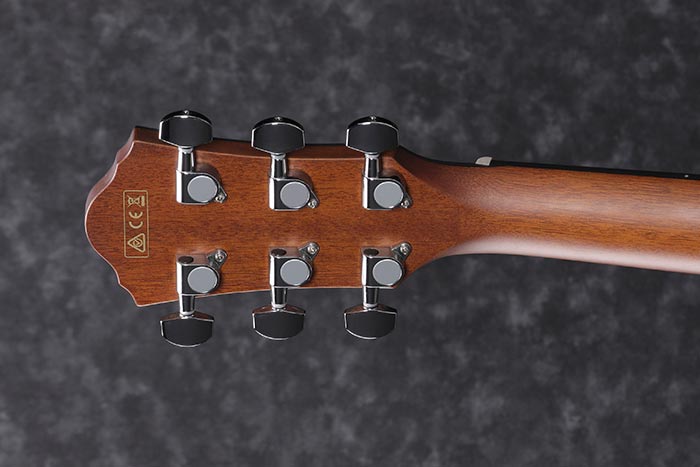 Ibanez AEWC11 TCB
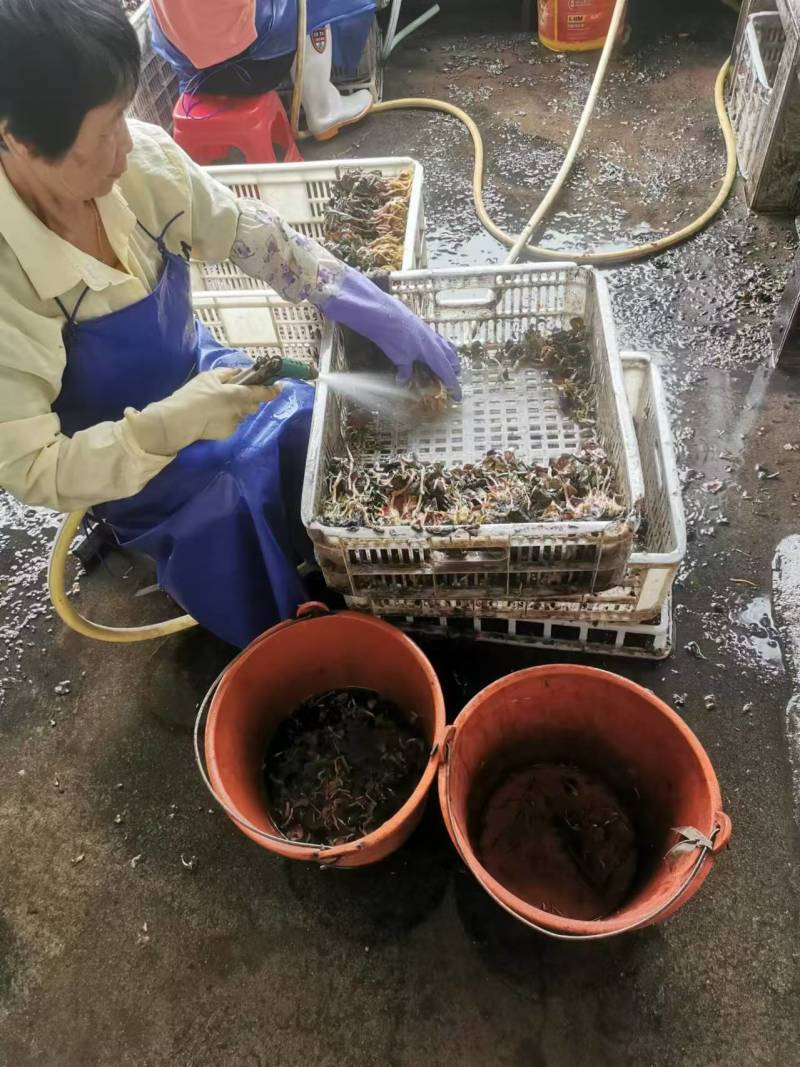 金线莲野生金线莲中草药，台湾本地红霞大量有货，欢迎来电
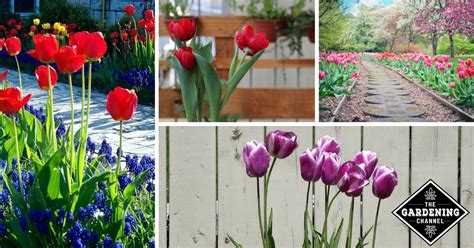 How to Plan for Planting Tulips - Gardening Channel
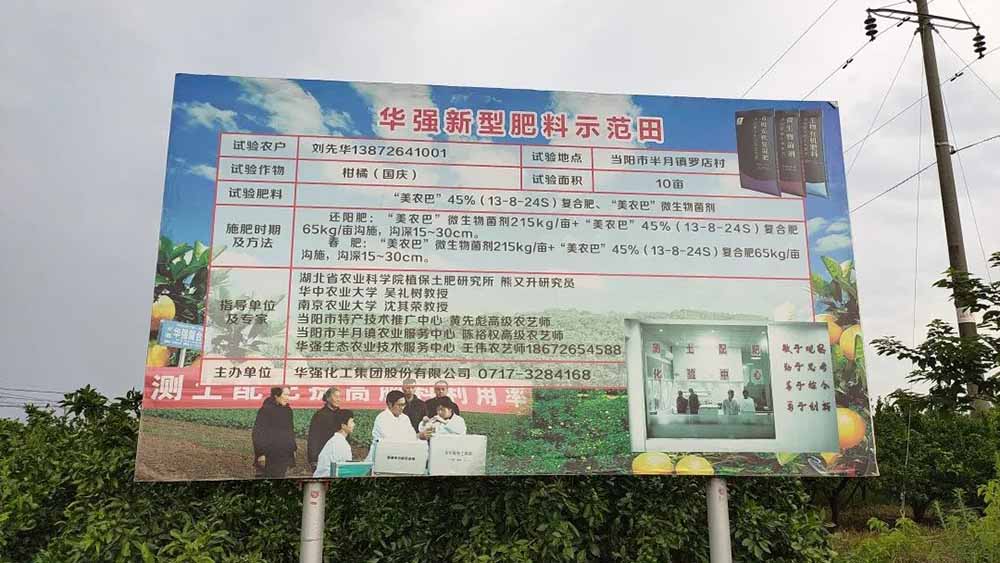 Huaqiang Citrus Test Field, Growing Good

**YOUR INSTRUCTIONS**
Repeat the data above exactly; images are not part of the copy.

**WRITTEN RESPONSE**
 Ibanez AEWC11 TCB
 金线莲野生金线莲中草药，台湾本地红霞大量有货，欢迎来电
 How to Plan for Planting Tulips - Gardening Channel
 Huaqiang Citrus Test Field, Growing Good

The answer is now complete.